FBI Director Flew Bureau Plane to Ballet : Ethics: Trip occurred as William S. Sessions is under investigation for alleged improprieties, including questionable aircraft use.
WASHINGTON — FBI Director William S. Sessions, already under investigation for alleged use of FBI aircraft for personal travel, flew to Atlantic City on a bureau plane last month to see the Bolshoi Ballet at the Sands Hotel & Casino, it was learned Thursday.
Russian Ambassador Vladimir Lukin invited Sessions and his wife, Alice, to attend the Nov. 27 performance and the FBI director cleared the trip in advance with Deputy Atty. Gen. George J. Terwilliger, FBI officials said.
Senior bureau officials, however, gave Sessions conflicting advice on whether he should attend. The advice against making the trip was “tied to concerns that the director and his wife were traveling by bureau aircraft on what could be perceived as a social function,” FBI chief spokesman John Collingwood said.
The FBI director “firmly” decided in favor of making the trip because “the Russian ambassador was reaching out to him to make official contact,” Collingwood said. He noted that the bureau is providing police training for Poland and is hopeful of doing so for other former Communist states. “This was indeed a rare opportunity,” Collingwood said.
The Justice Department’s Office of Professional Responsibility began an investigation this year of a wide range of alleged ethical improprieties involving Sessions, his wife and former executive assistant Sarah Munford. The allegations include Sessions’ misuse of FBI aircraft.
Sessions is “absolutely adamant that he is not going to have the . . . inquiry affect his running of the bureau,” Collingwood said. He also said that then-acting Secretary of State Lawrence S. Eagleburger encouraged Sessions to accept the Russian ambassador’s invitation.
Once at the ballet, however, Sessions’ position became more complicated when he learned that the $50 tickets for the affair apparently were paid for by the Sands, Collingwood acknowledged. It would appear to be inappropriate for the director of the FBI to accept such a gift from a gambling establishment.
It was “apparent on the face of the ticket that the Sands had some involvement in this,” Collingwood said.
Sessions is now seeking advice from Joseph R. Davis, the FBI’s top lawyer, on whether accepting the tickets was improper and what to do to “cure” any such problem.

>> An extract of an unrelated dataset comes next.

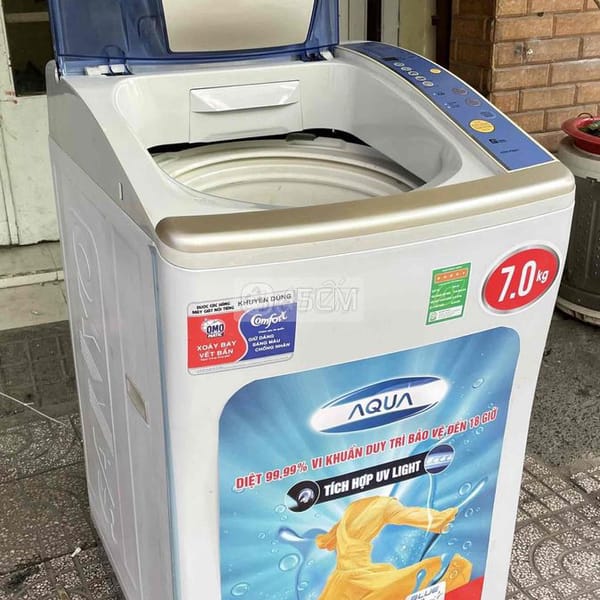 Máy giặt Sanyo 7kg giặt vắt êm tiết kiệm🖤 - Máy giặt 3
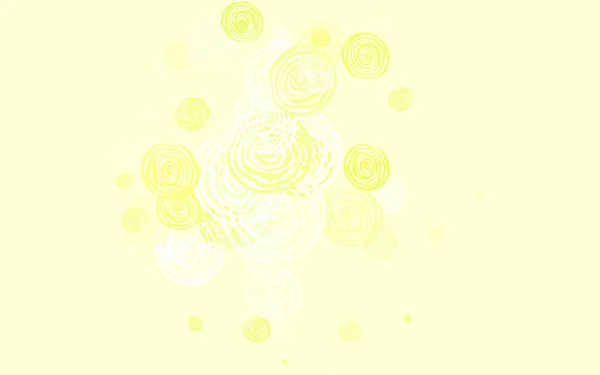 Světle Zelená Žluté Vektorové Pozadí Růžemi Dekorativní Design Květin Bílém — Stockový vektor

“My guess is there’s no problem, because the tickets were given by the Sands to Lukin, and he can give to whomever he wants,” Collingwood said. “It’s a gift (to Sessions) from a foreign government.”
It could not be determined whether the investigation of Sessions, expected to be completed this month, has been widened to include the Atlantic City trip. Department officials indicated that it is increasingly likely the results of the inquiry will be held over for a decision by the incoming Clinton Administration’s attorney general.

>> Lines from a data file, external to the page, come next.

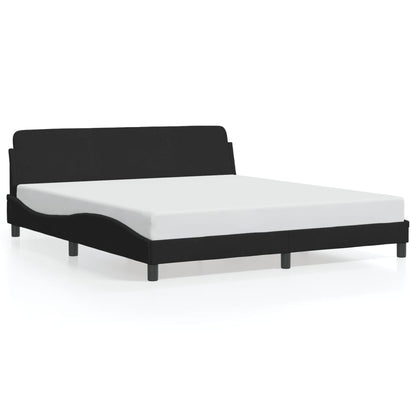 Bed Frame "Dover" Black 180x200 cm Super King Velvet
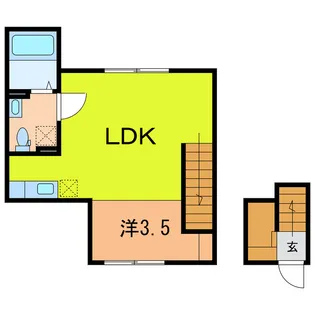 ブリックウッド亀有北綾瀬【2階】の間取り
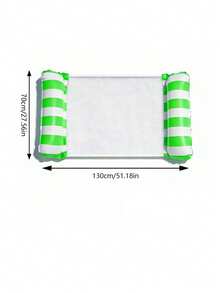 成人充气水上吊床躺椅 - 耐用PVC材质,可折叠条纹充气泳池漂浮物,适合泳池派对和夏季礼物 - 多色 - 查看 15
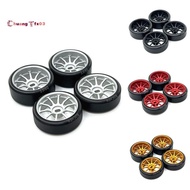 4Pcs Hard Plastic Drift Tire Tyre Metal Wheel Rim for Wltoys 284131 K969 K989 P929 Mini-Z 1/28 RC Ca
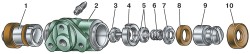 Разборка и сборка
колесных цилиндров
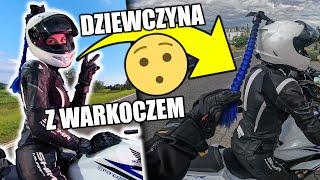 WYMIENIŁA WYDECH W SWOIM MOTOCYKLU 🫢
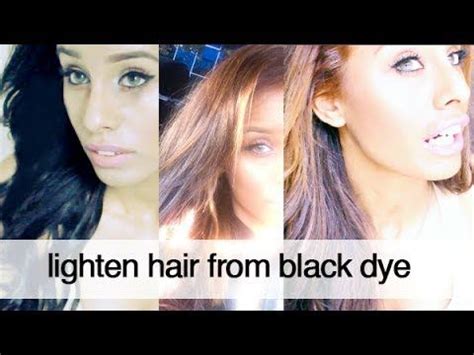 Here's how my appointments went down: HAIR | How I Lightened Dyed Black Hair (Without Bleach ...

Sessions, who has completed half of his 10-year term as FBI director, has indicated that he intends to remain in office. He messaged all field offices of the bureau on the night of the presidential election that he was looking forward “to our next five years together.”
Ron Kessler, whose study of the agency, done with Sessions’ approval, led to several of the allegations now under Justice Department review, criticized the trip. “Sessions has lost credibility within the FBI as a result of his actions, and this latest incident seems to indicate that he has a self-destructive streak,” said Kessler, whose book about the FBI is to be published next year.
Alice Sessions took the Atlantic City flight on a “cost-reimbursable, space-available” basis, the FBI said, which Collingwood described as a “narrow interpretation” of tightened Justice Department travel rules. He could not specify the cost, but said it is the same as commercial coach fare.
The General Accounting Office has cited estimates that the hourly cost of operating the FBI’s Sabreliner ranges from $750 to $1,362.
Sessions considered driving rather than flying to Atlantic City because of the “potential for this issue being raised.” But Davis and Collingwood contended that the trip was government business and thus the plane was appropriate, Collingwood said.
“The director clearly did not view this as pleasure,” Collingwood said.